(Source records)
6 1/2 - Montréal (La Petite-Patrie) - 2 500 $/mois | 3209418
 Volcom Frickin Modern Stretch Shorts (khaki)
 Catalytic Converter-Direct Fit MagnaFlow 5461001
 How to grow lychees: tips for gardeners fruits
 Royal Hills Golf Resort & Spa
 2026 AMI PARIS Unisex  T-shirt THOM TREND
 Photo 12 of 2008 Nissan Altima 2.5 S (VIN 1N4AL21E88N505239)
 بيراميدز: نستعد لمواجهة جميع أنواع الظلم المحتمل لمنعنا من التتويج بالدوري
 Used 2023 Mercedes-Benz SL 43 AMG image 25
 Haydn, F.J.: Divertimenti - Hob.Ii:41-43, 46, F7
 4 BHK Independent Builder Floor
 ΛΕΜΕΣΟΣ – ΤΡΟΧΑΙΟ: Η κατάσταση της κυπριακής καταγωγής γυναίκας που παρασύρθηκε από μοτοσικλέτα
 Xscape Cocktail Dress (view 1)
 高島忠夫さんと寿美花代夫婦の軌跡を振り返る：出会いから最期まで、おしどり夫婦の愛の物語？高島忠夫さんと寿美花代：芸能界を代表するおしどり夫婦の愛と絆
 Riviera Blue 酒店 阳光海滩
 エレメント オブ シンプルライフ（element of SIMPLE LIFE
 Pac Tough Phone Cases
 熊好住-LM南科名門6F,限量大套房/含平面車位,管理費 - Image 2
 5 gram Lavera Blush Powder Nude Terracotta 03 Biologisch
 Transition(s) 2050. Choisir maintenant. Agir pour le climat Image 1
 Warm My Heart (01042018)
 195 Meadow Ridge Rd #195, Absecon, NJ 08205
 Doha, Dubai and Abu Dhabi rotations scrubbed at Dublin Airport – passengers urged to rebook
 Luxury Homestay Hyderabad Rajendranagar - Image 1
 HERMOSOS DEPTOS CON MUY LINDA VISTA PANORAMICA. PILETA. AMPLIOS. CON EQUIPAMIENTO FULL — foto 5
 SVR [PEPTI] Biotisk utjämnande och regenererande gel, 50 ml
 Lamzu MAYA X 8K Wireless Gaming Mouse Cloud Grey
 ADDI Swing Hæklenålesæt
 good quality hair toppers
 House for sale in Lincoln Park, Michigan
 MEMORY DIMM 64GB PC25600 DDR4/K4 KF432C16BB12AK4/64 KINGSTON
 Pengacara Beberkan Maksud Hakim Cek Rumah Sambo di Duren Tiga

- **About this exercise**: Line by line, copy the entries above exactly as they appear.

- **Reply**:
6 1/2 - Montréal (La Petite-Patrie) - 2 500 $/mois | 3209418
 Volcom Frickin Modern Stretch Shorts (khaki)
 Catalytic Converter-Direct Fit MagnaFlow 5461001
 How to grow lychees: tips for gardeners fruits
 Royal Hills Golf Resort & Spa
 2026 AMI PARIS Unisex  T-shirt THOM TREND
 Photo 12 of 2008 Nissan Altima 2.5 S (VIN 1N4AL21E88N505239)
 بيراميدز: نستعد لمواجهة جميع أنواع الظلم المحتمل لمنعنا من التتويج بالدوري
 Used 2023 Mercedes-Benz SL 43 AMG image 25
 Haydn, F.J.: Divertimenti - Hob.Ii:41-43, 46, F7
 4 BHK Independent Builder Floor
 ΛΕΜΕΣΟΣ – ΤΡΟΧΑΙΟ: Η κατάσταση της κυπριακής καταγωγής γυναίκας που παρασύρθηκε από μοτοσικλέτα
 Xscape Cocktail Dress (view 1)
 高島忠夫さんと寿美花代夫婦の軌跡を振り返る：出会いから最期まで、おしどり夫婦の愛の物語？高島忠夫さんと寿美花代：芸能界を代表するおしどり夫婦の愛と絆
 Riviera Blue 酒店 阳光海滩
 エレメント オブ シンプルライフ（element of SIMPLE LIFE
 Pac Tough Phone Cases
 熊好住-LM南科名門6F,限量大套房/含平面車位,管理費 - Image 2
 5 gram Lavera Blush Powder Nude Terracotta 03 Biologisch
 Transition(s) 2050. Choisir maintenant. Agir pour le climat Image 1
 Warm My Heart (01042018)
 195 Meadow Ridge Rd #195, Absecon, NJ 08205
 Doha, Dubai and Abu Dhabi rotations scrubbed at Dublin Airport – passengers urged to rebook
 Luxury Homestay Hyderabad Rajendranagar - Image 1
 HERMOSOS DEPTOS CON MUY LINDA VISTA PANORAMICA. PILETA. AMPLIOS. CON EQUIPAMIENTO FULL — foto 5
 SVR [PEPTI] Biotisk utjämnande och regenererande gel, 50 ml
 Lamzu MAYA X 8K Wireless Gaming Mouse Cloud Grey
 ADDI Swing Hæklenålesæt
 good quality hair toppers
 House for sale in Lincoln Park, Michigan
 MEMORY DIMM 64GB PC25600 DDR4/K4 KF432C16BB12AK4/64 KINGSTON
 Pengacara Beberkan Maksud Hakim Cek Rumah Sambo di Duren Tiga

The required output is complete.